↓↓↓

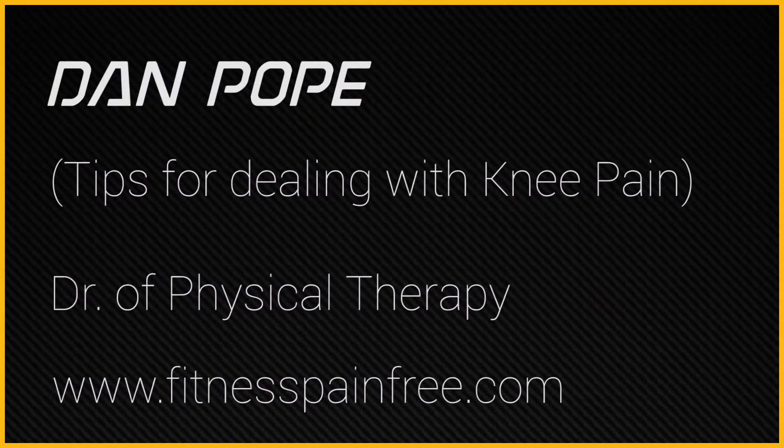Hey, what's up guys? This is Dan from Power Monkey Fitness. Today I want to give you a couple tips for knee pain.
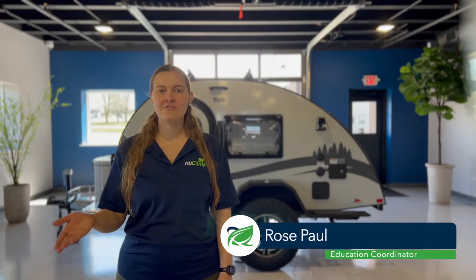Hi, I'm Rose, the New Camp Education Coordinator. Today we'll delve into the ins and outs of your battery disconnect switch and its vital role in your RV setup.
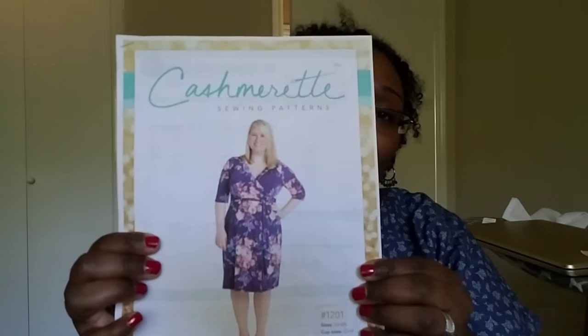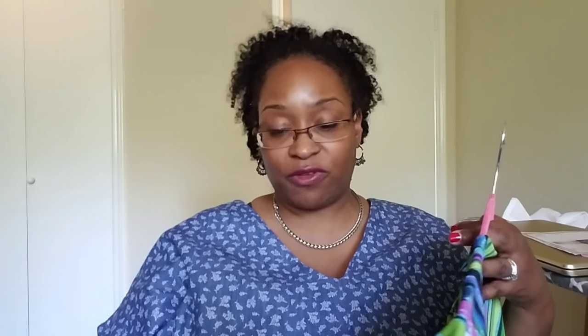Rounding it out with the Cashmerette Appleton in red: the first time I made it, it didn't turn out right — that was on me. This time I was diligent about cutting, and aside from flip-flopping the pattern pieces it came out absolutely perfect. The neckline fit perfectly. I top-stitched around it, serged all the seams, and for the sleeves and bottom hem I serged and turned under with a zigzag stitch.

↑↑↑

Could you give the material again exactly as it stands, omitting any image?

Hey, what's up guys? This is Dan from Power Monkey Fitness. Today I want to give you a couple tips for knee pain.
Hi, I'm Rose, the New Camp Education Coordinator. Today we'll delve into the ins and outs of your battery disconnect switch and its vital role in your RV setup.
Rounding it out with the Cashmerette Appleton in red: the first time I made it, it didn't turn out right — that was on me. This time I was diligent about cutting, and aside from flip-flopping the pattern pieces it came out absolutely perfect. The neckline fit perfectly. I top-stitched around it, serged all the seams, and for the sleeves and bottom hem I serged and turned under with a zigzag stitch.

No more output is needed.